Si l’on tient compte à la fois de l’évolution des PO liée à des mesures nouvelles en lois de finances et de leur effet sur le solde public, on retrouve bien une baisse de l’ordre de 60 Md€, à parité entre ménages et entreprises (bien que cette distinction soit peu pertinente compte tenu des phénomènes d’incidence et de répercussion fiscales) : suppression progressive de la taxe d’habitation (18 Md€ environ), baisse des impôts de production (-10 Md€ en 2021, -4 Md€ en 2023, -4 Md€ entre 2024 et 2027), baisse progressive du taux d’IS (-1,2 Md€ en 2018, -0,8 Md€ en 2019, -2,5 Md€ en 2020, -3,7 Md€ en 2021 et -2,1 Md€ en 2022, soit un total de -9,3 Md€, à laquelle il conviendrait d’ajouter l’effet de la réforme du 5e acompte), réforme du barème de l’IR (-5 Md€ en 2020, à laquelle il faudrait ajouter l’effet de la  défiscalisation des heures supplémentaires), création de l’IFI (-3,2 Md€ en 2018), suppression de la CAP (« redevance télé » -3,2 Md€ en 2022), instauration du PFU (-1,4 Md€ en 2018). Mais, outre les augmentations spontanées, on ne tient là pas compte d’autres hausses de PO, liées directement à des mesures prises par l’exécutif.

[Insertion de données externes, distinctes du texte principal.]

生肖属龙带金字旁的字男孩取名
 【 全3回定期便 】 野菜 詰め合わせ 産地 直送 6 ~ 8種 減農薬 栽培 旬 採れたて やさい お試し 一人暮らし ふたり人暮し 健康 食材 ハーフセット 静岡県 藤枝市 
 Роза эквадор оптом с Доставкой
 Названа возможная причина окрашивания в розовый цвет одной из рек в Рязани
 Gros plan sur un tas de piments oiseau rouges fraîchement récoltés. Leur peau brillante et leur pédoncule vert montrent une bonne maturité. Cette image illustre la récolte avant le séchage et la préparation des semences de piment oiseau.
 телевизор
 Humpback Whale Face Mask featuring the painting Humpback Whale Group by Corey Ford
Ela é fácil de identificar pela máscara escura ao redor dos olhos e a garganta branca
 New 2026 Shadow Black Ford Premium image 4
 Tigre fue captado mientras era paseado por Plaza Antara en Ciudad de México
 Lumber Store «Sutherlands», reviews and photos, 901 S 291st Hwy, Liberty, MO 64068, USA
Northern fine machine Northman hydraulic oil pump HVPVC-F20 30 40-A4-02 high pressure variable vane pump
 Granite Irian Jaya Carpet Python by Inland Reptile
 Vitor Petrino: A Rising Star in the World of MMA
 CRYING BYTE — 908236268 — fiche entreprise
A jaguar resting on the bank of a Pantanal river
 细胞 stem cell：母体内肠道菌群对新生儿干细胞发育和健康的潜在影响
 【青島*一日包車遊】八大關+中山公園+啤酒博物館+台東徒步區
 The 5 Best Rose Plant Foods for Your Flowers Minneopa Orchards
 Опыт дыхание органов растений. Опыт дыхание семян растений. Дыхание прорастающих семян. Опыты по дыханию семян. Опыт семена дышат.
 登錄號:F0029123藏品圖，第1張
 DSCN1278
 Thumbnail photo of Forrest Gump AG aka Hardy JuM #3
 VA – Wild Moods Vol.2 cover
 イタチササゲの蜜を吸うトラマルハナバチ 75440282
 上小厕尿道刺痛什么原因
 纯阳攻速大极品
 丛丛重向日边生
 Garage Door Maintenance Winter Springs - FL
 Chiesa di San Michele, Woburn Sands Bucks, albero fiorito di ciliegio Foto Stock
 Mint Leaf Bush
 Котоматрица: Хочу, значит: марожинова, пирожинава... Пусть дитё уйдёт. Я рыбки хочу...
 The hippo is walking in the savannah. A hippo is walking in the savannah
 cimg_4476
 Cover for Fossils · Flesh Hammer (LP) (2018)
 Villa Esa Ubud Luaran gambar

À titre d’exemple, la fiscalité énergétique et celle du tabac avaient augmenté de 6 Md€ sur la seule année 2018. On pourrait aussi citer la revalorisation par la loi (c’est-à-dire par l’État), chaque année, de l’assiette des taxes foncières.

Bref, le président Macron communique sur les baisses en omettant, semble-t-il, de mentionner les hausses…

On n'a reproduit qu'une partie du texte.